Humans don’t navigate codebases this way. After a few weeks on a project, developers stop thinking in files entirely. They think in architecture: which modules own which responsibilities, which entities call each other, where the system boundaries are.

They only dive into source code when something specific needs to change.

LLMs never get that representation. They get raw code.

Why Source Code Is the Wrong Format

The problem isn't just volume - it's about what kind of information fills the context window. Consider what a transformer actually processes when it sees a Python function:

def get_user_permissions(user):
    if user.is_superuser:
        return Permission.objects.all()

To the model, this becomes roughly 30 tokens: def, get, _, user, _, permissions... and so on.
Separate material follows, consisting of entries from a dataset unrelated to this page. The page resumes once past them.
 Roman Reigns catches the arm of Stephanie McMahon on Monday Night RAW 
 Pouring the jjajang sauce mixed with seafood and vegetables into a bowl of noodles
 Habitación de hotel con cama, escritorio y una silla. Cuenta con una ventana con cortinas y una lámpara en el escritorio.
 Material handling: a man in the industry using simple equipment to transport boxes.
But the actual architectural information is:

get_user_permissions → checks user.is_superuser → queries Permission model

Three facts. Everything else is syntax noise. In a typical Python file, 80% or more of tokens carry no architectural signal. Source code is a representation optimized for human editors and machine compilers. It was never designed for machine reasoning.
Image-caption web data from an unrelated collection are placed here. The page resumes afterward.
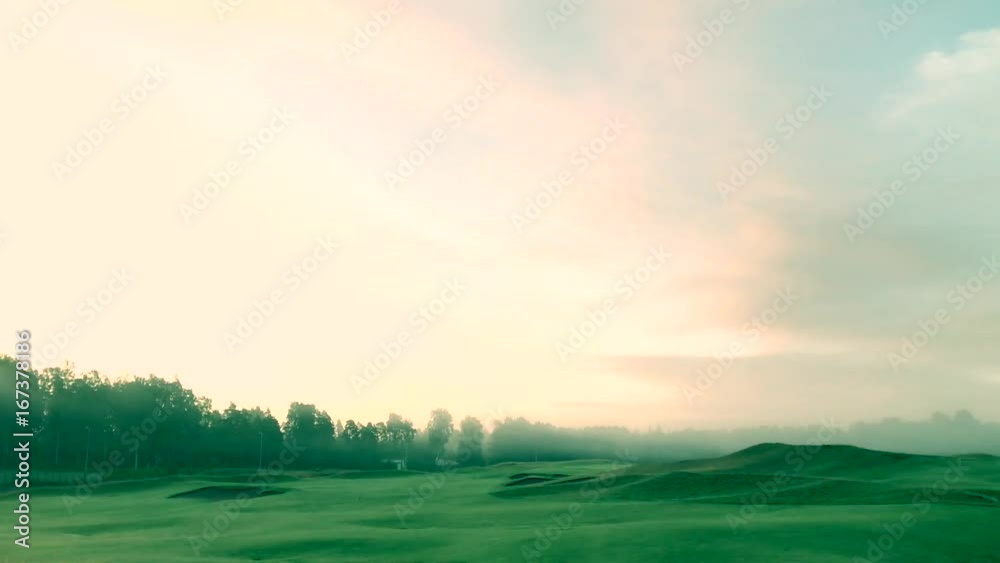 Beautiful dawn morning sun at empty and quiet golf course before anyone has arrived to play. Beautiful dawn morning sun at empty and quiet golf course before anyone has arrived to play.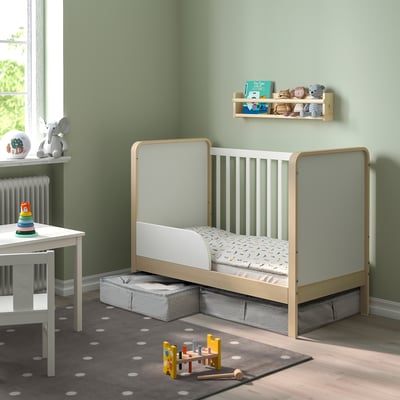 Toddler room with LENAST storage box under bed, organising toys and books neatly.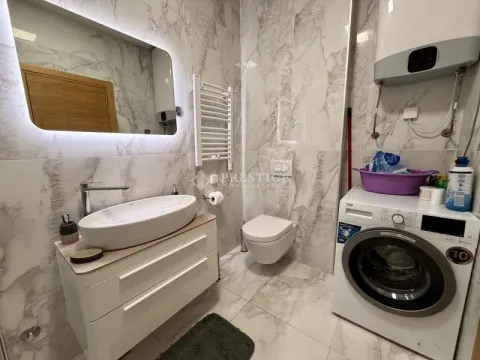 Modernly equipped bathroom with a washbasin, toilet, and washing machine. - image 13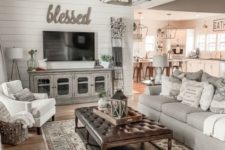 a vintage farmhouse living space with grey furniture, a stained ottoman with a leather top, a pendant lamp and printed pillows
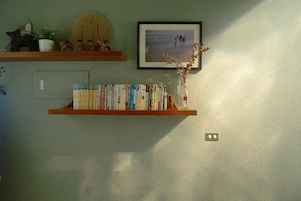 Una estantería con libros y un jarrón con flores secas, un cuadro enmarcado en la pared y un enchufe.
The Numbers Behind the Problem

Scale of the problem across real codebases:

Repository Entities Raw Python (est.) CodeIR Index Compression
Flask 1,629 ~148k 19k 8:1
Tryton 20,457 ~2.8M 214k 13:1
SQLAlchemy 38,672 ~5.0M 467k 11:1
Django 41,819 ~4.7M 475k 10:1

Token estimates use 1 token ≈ 4 characters. Actual counts may be slightly lower.

At Index level, CodeIR fits roughly 18,000 entities in a 200k context window. The same window holds less than 2,000 entities as raw source and only if you could perfectly select which files to load, which in practice you can't.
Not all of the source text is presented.